FOR AUTHORITIES FROM OTHER STATES:

38 L. R. A. 490, note; 12 Cent. Dig., cols. 534-539, §§ 444-446.

§ 135. Issue for Less than Par Value.

[a] When by consent of all the stockholders of a corporation reserved stock is sold by the corporation for less than its par value it is to be considered as fully paid-up stock; and when the equitable owners of all the unsold stock, who are the legal owners of all the stock issued, and who control the board of directors, procure the sale by the corporation of the reserved stock for one-fourth of its par value, and the issuance of certificates, in accordance with the by-laws, certifying to the purchasers that the price paid was full payment, and that the stock purchased was fully paid stock, the stockholders who are the real sellers, as well as the corporation, are estopped from denying that the stock sold was fully paid-up stock, and from claiming that any sum is due or owing from the purchasers or holders thereof to the corporation. Green v. Abietine Medical Co., 96 Cal. 322, 31 Pac. 100.

[b] Contract for sale of reserved stock below par as paid-up stock is not unlawful, and is not in violation of section 323 of the Civil Code, which does not prohibit the issuing of certificates before the stock is fully paid up, but enjoins the duty of issuing certificates for fully paid-up stock, and authorizes the stockholders to enact by-laws in accordance with which the corporation may issue certificates before full payment.-Green v. Abietine Medical Co., 96 Cal. 322, 31 Pac. 100.

§ 136. Estoppel to Deny Sufficiency of Consideration.

[a] Plaintiffs held a majority of the stock of a corporation, which they had taken at the rate of fifty cents a share, in return for property turned into the hands of the corporation. Afterward the board of directors, which plaintiffs controlled, sold the balance of the stock, to raise working capital, at the same rate per share which plaintiffs had paid, and gave certificates which stated that the stock so sold was fully paid and unassessable, being the same kind which plaintiff's held. After having acquiesced for three years in this sale, plaintiffs claimed that the shares so sold for working capital were subscribed for at the par value of two dollars a share, and that the difference between that and the price paid was still due. Held, that plaintiffs were estopped from denying that

the price paid was full payment.-Green v. Abietine Medical Co., 96 Cal. 322, 31 Pac. 100.
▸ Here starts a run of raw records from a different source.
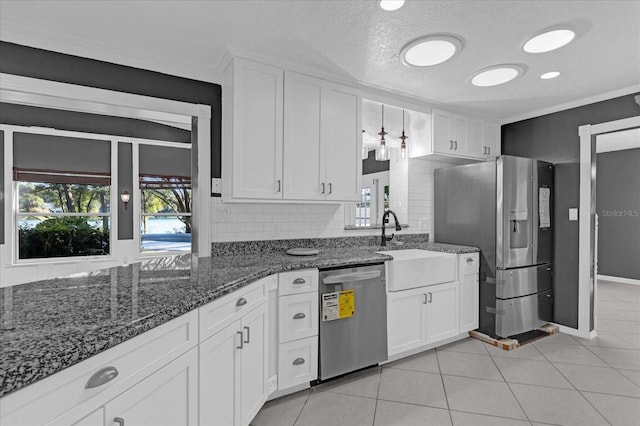 kitchen featuring decorative backsplash, appliances with stainless steel finishes, a textured ceiling, dark stone countertops, and white cabinets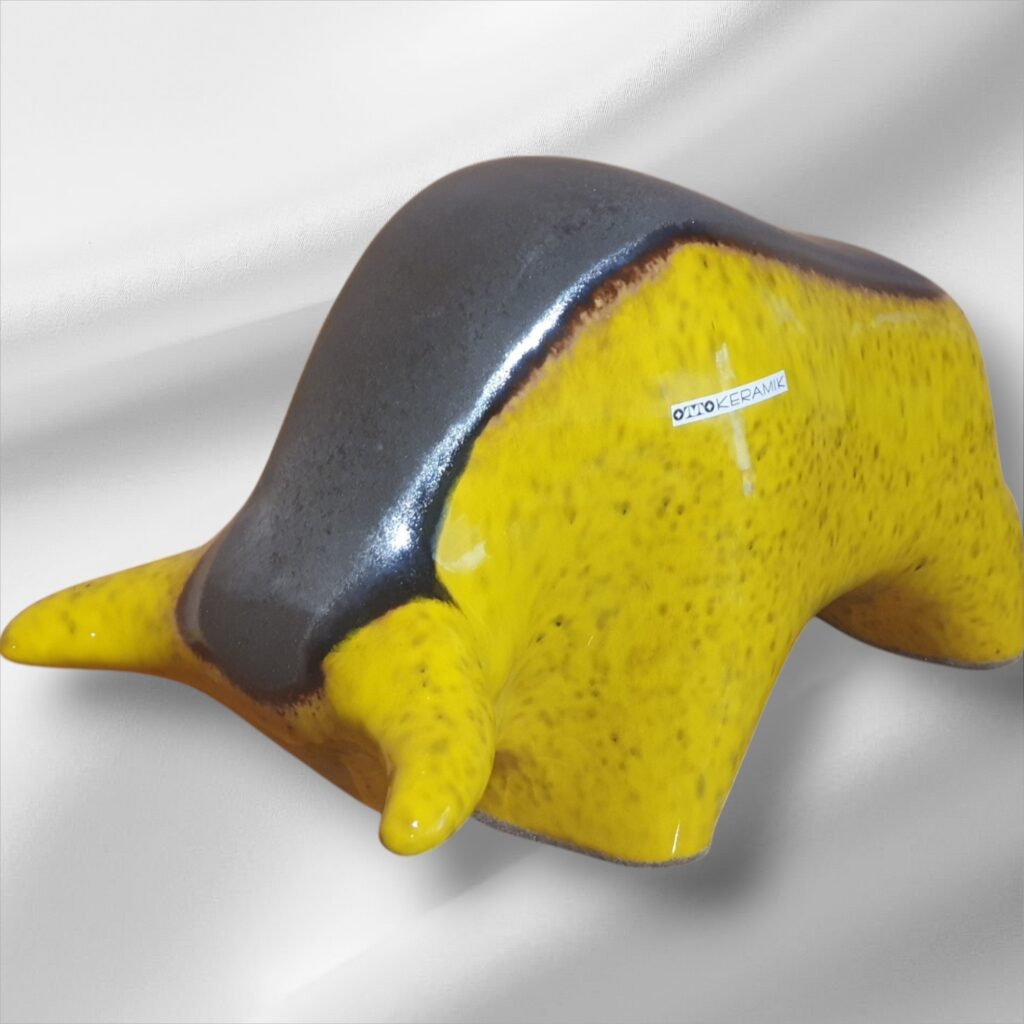 Vintage Otto Keramik bull sculpture in yellow and black glaze, West German fat lava ceramic, circa 1970s.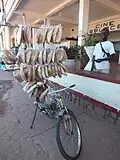 Distributing bread by bicycle near Lake Tanganyika in the Democratic Republic of the Congo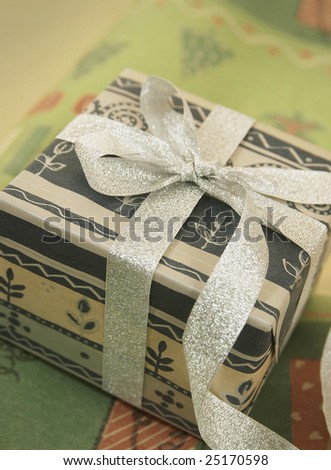 Closeup of gifts wrapped in elegant ribbons.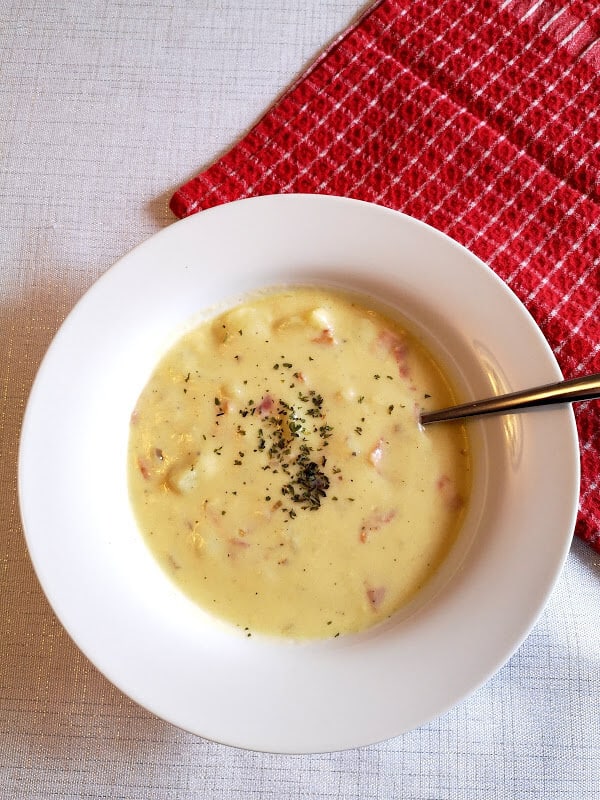 A bowl of Delicious Bacon and Potato Chowder garnished with dried parsley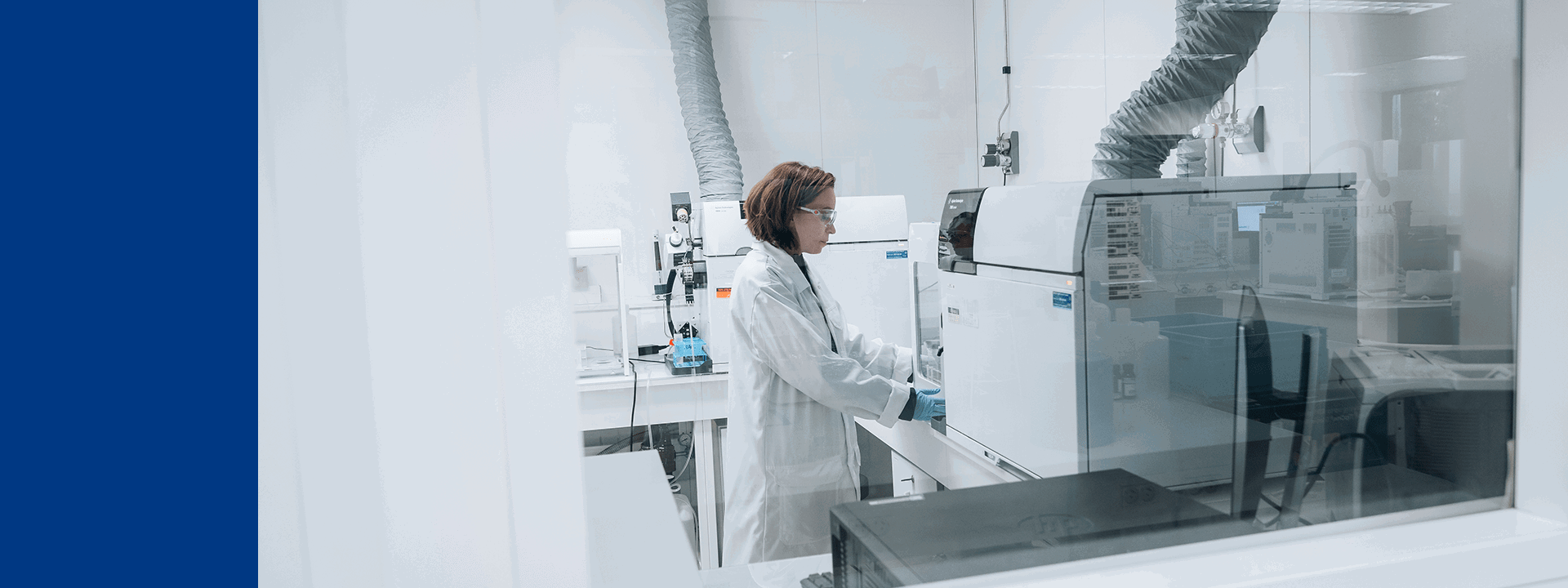 Laboratoire Eurofins BioPharma Product Testing équipé pour des analyses de haute précision. Une personne en blouse blanche et gants de protection manipule un instrument analytique sophistiqué dans une salle propre, conçue pour garantir la conformité aux normes GMP. L’environnement comprend des systèmes de ventilation et d’extraction, des équipements de mesure et des surfaces stériles, illustrant les standards élevés de qualité et de sécurité appliqués aux tests biopharmaceutiques.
§ 137. Fictitious Issue of Stock.

[a] Complainant alleged that a corporation purchased property of another corporation worth at least one million two hundred thousand dollars, and as the price assumed an indebtedness of one million fifty thousand dollars, and issued to the latter corporation's stockholders twenty-four thousand seven hundred and fifty shares of stock, of the par value of two million four hundred and seventyfive thousand dollars. He did not allege that the former corporation had any property before such purchase. Held, that there was no fictitious issue of stock, within Constitution, article 12, section 11, providing that all fictitious" issues of stock shall be void.-Smith v. Ferries etc. Ry. Co., 51 Pac. 710.

§ 138. Overissue.

[a] There is not an overissue of stock where there was to be five hundred shares of stock, and no more than this was issued, though when the articles of incorporation were drawn, all the stock subscription lists not being at hand, L., the organizer, put himself down in the articles for one hundred and eighty-three shares, to make up the full total of five hundred, he in so doing regarding himself as the agent of the subscribers whose names were not at hand, and the sum of the subscription lists and the amounts set down in the articles exceeded five hundred shares, the shares being issued to such subscribers from the amount put down to L., with the acquiescence of him and all the other stockholders.-Tulare Sav. Bank v. Talbot, 131 Cal. 45, 63 Pac. 172.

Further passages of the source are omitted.